Estoy aquí sentado una vez más. Soy yo, el de siempre; el chico con el que cruzaste aquella mirada triste, aquel al que sonreíste desde detrás de tu ventana. Supongo que hay barreras que nunca llegamos a traspasar.

Desde mi banco, el que está situado justo en el centro de la plaza, mi plaza, lo observo todo: cada movimiento del barrio, de los vecinos que algún día me trataron como a un igual; las costumbres, los secretos, los engaños…
Lo contemplo todo como si de una función se tratase y yo fuese el único que hubiese pagado por verla. Yo interpreto mi papel sin ideas preconcebidas, sin tabúes, con la curiosidad y la confianza de quien no conoce lo que pasará a continuación.

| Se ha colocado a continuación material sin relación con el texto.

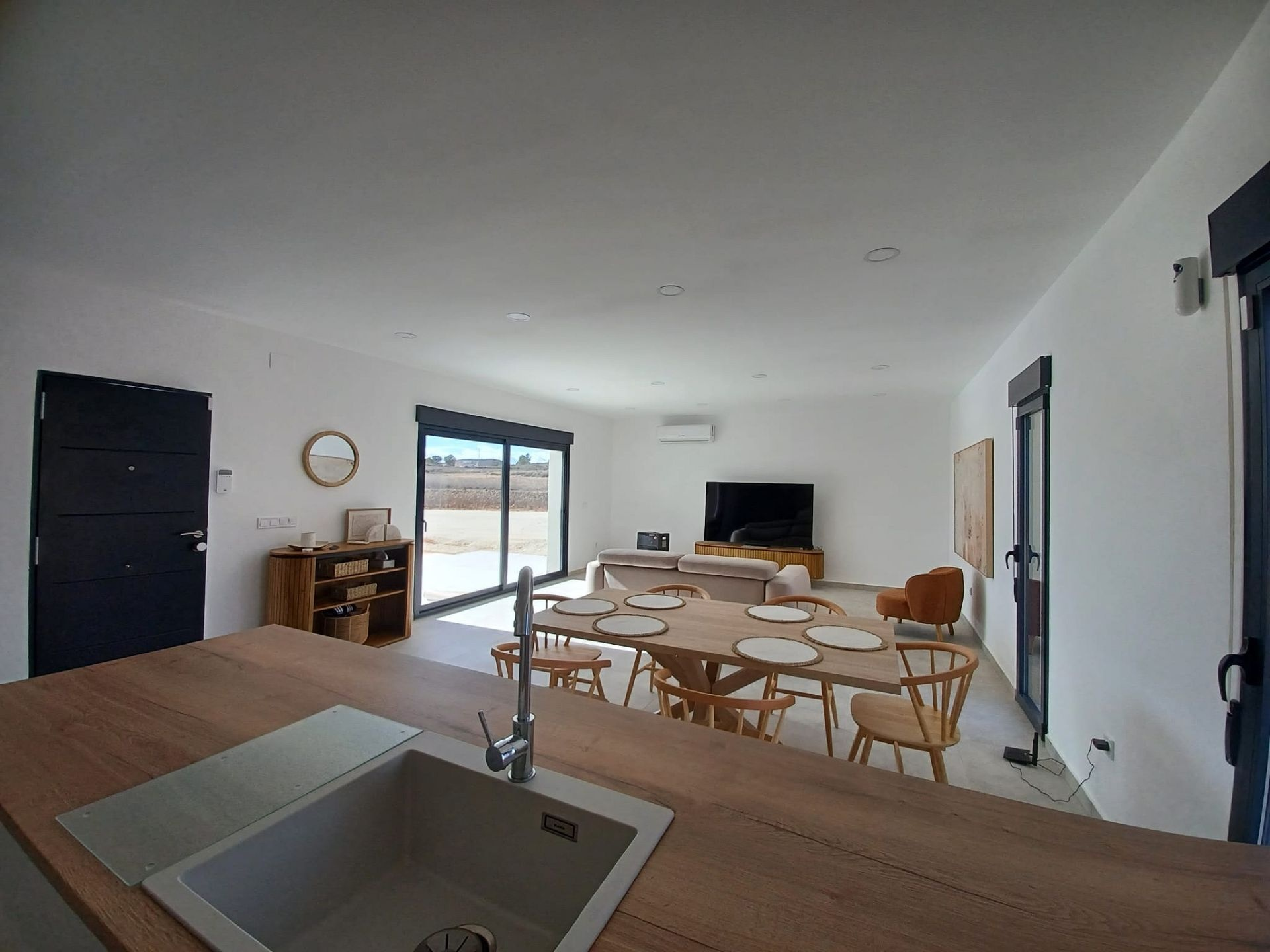 w_1cfdc453-1756-475e-bd06-e5adf4a06ffb-b017ef 3-bedroom Detached Villa In Pinoso, Spain (160 M²)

He pasado tanto tiempo aquí... tantas historias, tantos ciclos, tantos actos de esta misma función se han representado ante mis ojos... y sin embargo mi mente infantil continúa recordando cada detalle vivido: la música del tiovivo, los besos furtivos de las parejas en los portales, los hombres con rosas a los que alguien espera impaciente...
Y sin embargo yo, rodeado de tanta vida, yo que me duermo con el latido de los tacones sobre los adoquines, yo que me siento tan inhumanamente inerte e invisible... yo, sumido en este inexplicable estado de muerte en vida,  no logro borrar de mí todas esas vivencias, los recuerdos de la existencia que algún día tuve: los sabores inesperados y las locuras cometidas; las formas, las divinas formas de cada cuerpo de mujer que compartió mi cama; las verdades universales dichas a escondidas; la mariposa que con un simple aleteo produce un huracán al otro lado del mundo... y todos los placeres que en vida consumieron una a una las pocas horas que me fueron concedidas.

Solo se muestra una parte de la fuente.